───── INPUT FOR THIS TASK

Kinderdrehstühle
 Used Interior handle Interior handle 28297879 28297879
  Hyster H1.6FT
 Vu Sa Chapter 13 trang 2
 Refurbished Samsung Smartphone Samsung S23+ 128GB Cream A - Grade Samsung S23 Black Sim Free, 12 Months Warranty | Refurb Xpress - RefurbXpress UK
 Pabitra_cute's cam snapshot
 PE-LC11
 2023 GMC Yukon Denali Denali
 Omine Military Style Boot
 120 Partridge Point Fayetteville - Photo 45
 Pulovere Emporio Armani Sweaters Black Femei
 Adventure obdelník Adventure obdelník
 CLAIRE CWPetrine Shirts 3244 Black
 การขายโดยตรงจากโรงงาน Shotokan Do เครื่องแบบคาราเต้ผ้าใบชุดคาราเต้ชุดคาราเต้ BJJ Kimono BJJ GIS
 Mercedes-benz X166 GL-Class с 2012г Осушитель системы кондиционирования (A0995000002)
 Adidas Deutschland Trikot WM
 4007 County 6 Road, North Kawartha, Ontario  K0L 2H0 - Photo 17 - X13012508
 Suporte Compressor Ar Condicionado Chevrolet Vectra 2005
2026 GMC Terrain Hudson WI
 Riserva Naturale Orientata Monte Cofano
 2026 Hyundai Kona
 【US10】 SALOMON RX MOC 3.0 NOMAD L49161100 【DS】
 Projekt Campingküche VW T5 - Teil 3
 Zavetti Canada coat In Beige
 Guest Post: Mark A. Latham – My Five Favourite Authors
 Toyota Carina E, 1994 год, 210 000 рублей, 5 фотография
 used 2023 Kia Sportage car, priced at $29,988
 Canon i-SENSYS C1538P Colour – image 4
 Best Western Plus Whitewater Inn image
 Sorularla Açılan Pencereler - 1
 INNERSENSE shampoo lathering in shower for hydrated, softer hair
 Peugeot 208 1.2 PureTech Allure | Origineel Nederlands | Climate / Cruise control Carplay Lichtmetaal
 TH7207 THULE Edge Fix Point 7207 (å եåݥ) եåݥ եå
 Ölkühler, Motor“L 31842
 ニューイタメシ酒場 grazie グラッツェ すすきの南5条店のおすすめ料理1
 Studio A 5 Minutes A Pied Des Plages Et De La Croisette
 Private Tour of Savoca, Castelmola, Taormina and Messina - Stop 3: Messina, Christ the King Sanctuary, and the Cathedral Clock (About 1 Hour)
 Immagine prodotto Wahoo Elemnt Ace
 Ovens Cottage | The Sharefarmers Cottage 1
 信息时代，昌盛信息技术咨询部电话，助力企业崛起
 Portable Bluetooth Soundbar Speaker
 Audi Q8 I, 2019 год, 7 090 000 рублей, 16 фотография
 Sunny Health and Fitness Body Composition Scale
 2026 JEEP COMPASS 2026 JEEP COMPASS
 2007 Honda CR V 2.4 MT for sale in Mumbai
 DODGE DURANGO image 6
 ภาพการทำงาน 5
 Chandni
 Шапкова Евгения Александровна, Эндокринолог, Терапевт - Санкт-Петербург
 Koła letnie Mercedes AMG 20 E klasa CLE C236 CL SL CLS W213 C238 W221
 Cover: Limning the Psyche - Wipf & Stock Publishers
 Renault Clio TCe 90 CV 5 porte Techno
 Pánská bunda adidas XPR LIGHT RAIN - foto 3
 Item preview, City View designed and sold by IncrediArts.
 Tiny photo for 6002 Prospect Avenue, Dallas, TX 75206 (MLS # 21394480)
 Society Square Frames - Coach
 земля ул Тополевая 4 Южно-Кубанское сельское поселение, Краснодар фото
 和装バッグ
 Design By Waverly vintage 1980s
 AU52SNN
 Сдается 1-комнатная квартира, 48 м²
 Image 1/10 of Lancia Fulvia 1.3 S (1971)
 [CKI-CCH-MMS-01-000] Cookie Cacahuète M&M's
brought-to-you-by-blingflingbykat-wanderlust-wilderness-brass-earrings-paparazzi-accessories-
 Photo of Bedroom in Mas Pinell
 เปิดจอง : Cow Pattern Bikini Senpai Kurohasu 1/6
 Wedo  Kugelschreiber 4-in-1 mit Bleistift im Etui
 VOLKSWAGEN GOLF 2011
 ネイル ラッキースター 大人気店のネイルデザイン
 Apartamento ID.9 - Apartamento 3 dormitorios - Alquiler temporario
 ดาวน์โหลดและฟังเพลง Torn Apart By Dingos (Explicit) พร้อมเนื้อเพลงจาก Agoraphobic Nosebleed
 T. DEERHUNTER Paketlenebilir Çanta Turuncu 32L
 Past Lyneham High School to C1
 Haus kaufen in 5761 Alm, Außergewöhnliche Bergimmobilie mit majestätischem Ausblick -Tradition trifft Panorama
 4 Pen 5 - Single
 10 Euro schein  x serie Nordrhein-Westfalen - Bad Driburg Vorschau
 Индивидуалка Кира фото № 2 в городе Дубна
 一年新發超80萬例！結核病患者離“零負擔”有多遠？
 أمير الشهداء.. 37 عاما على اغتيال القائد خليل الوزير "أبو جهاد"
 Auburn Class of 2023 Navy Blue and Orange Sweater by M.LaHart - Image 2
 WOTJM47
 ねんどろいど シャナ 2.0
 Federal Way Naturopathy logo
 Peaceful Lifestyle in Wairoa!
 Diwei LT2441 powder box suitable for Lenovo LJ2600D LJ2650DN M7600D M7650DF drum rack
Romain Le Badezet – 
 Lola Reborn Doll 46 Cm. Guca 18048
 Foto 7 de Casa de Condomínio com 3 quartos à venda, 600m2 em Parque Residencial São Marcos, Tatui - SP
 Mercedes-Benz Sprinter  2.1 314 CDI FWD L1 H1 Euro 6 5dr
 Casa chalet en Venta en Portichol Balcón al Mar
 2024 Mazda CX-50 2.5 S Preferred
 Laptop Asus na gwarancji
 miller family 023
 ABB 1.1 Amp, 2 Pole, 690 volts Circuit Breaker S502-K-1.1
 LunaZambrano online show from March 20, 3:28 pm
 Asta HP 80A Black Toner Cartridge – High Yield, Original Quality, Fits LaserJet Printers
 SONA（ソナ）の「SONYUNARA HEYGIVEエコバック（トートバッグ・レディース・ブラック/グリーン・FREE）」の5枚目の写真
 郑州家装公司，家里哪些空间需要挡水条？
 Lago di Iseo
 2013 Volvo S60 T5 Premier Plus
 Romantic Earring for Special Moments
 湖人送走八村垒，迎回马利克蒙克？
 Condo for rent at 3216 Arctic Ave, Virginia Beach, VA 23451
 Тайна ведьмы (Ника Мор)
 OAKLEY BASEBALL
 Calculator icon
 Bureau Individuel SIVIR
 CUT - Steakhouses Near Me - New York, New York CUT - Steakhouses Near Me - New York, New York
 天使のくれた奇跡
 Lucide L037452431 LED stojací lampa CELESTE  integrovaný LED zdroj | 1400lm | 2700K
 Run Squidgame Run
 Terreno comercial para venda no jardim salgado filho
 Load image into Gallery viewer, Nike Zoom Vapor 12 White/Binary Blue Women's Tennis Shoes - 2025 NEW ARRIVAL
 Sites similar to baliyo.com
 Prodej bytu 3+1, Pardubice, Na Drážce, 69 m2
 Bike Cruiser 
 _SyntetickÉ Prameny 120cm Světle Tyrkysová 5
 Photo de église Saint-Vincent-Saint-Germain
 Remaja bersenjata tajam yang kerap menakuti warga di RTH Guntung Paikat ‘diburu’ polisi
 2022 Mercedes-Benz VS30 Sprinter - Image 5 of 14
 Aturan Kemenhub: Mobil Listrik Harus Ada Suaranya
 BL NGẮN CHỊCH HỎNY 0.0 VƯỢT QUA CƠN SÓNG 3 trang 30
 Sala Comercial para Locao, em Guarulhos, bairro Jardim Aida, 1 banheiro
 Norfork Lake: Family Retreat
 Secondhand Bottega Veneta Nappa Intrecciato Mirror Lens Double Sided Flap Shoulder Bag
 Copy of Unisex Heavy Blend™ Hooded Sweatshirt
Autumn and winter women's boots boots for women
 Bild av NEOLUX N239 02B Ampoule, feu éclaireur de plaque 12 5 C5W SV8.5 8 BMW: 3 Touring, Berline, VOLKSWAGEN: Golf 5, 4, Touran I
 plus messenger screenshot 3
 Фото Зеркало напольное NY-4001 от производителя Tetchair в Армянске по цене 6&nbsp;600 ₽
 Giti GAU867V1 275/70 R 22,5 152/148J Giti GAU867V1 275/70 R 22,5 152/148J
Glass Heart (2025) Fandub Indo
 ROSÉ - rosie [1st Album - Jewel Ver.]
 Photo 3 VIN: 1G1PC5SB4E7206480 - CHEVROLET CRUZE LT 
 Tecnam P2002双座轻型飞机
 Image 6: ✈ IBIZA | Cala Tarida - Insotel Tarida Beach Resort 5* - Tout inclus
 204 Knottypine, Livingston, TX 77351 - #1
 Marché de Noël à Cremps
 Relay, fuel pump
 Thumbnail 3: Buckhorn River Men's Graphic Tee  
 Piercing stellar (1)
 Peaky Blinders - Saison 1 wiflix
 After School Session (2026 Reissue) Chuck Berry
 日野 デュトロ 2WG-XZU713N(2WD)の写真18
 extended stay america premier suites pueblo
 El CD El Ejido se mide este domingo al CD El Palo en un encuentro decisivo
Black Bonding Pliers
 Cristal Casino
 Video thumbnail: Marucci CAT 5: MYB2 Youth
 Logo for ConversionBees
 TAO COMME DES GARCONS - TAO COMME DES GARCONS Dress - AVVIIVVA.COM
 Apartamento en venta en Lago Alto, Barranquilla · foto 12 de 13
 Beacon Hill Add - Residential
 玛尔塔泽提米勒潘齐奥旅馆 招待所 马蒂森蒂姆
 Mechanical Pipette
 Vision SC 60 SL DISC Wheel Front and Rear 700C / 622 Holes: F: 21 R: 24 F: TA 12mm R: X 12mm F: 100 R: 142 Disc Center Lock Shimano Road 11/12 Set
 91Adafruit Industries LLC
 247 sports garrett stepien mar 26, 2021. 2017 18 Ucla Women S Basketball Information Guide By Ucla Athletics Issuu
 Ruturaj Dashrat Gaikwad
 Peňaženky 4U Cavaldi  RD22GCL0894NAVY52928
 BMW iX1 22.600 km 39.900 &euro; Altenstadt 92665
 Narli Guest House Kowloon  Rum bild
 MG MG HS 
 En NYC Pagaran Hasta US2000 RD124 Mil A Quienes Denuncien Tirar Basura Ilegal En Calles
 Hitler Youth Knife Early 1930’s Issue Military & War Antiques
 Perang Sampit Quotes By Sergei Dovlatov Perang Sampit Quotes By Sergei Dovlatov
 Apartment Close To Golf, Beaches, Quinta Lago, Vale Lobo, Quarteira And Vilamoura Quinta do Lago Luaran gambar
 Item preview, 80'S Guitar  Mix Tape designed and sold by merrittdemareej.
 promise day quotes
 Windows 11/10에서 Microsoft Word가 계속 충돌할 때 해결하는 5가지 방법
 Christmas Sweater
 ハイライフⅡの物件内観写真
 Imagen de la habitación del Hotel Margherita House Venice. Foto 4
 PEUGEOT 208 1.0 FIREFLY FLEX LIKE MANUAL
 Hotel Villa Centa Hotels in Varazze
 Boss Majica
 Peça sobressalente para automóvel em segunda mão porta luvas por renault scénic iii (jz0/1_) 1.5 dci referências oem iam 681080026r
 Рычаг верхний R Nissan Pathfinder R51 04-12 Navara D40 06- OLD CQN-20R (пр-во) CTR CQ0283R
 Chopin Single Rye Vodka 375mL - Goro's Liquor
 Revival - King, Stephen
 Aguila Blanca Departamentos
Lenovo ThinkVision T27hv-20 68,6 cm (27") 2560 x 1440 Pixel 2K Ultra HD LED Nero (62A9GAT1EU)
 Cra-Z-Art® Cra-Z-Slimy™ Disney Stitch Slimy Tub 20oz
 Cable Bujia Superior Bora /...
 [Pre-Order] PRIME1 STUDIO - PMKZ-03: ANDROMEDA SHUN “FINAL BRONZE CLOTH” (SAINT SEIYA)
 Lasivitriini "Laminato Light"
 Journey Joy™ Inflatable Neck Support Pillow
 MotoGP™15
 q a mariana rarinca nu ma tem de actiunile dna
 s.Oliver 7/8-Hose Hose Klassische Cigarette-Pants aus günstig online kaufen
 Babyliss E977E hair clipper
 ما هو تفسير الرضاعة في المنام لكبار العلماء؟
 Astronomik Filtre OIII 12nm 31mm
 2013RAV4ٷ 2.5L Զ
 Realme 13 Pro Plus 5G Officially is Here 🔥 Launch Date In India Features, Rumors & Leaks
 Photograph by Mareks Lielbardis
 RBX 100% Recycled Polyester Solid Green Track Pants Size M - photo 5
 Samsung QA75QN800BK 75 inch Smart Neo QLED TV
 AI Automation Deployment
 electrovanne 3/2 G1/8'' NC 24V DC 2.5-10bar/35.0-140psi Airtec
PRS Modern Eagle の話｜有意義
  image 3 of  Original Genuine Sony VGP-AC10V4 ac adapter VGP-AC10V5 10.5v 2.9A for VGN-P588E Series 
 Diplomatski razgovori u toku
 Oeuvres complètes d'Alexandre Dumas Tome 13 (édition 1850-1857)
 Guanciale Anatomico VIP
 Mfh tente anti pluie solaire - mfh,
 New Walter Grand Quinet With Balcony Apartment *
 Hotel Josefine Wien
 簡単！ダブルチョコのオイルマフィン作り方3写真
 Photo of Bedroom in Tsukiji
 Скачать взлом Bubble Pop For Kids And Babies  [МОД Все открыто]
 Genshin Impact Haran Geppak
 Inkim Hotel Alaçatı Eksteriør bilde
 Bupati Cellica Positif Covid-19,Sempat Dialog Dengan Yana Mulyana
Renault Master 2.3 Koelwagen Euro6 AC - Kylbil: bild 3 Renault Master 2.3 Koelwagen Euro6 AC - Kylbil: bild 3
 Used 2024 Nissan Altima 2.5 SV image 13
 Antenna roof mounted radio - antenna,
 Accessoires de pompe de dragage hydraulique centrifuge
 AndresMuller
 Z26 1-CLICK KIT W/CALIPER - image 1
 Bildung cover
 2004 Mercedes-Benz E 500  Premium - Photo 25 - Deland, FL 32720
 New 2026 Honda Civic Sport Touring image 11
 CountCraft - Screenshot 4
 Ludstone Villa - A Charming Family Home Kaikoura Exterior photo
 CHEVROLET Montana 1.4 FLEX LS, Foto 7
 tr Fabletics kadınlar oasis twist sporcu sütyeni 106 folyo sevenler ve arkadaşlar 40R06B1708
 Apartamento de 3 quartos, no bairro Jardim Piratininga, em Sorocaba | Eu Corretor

──────────

**THE PROBLEM**: From the line holding "Item preview, 80'S" to the line holding "Hotel Villa Centa Hotels in Varazze", inclusive, restate each line above exactly as written.

**RESPONSE**:
 Item preview, 80'S Guitar  Mix Tape designed and sold by merrittdemareej.
 promise day quotes
 Windows 11/10에서 Microsoft Word가 계속 충돌할 때 해결하는 5가지 방법
 Christmas Sweater
 ハイライフⅡの物件内観写真
 Imagen de la habitación del Hotel Margherita House Venice. Foto 4
 PEUGEOT 208 1.0 FIREFLY FLEX LIKE MANUAL
 Hotel Villa Centa Hotels in Varazze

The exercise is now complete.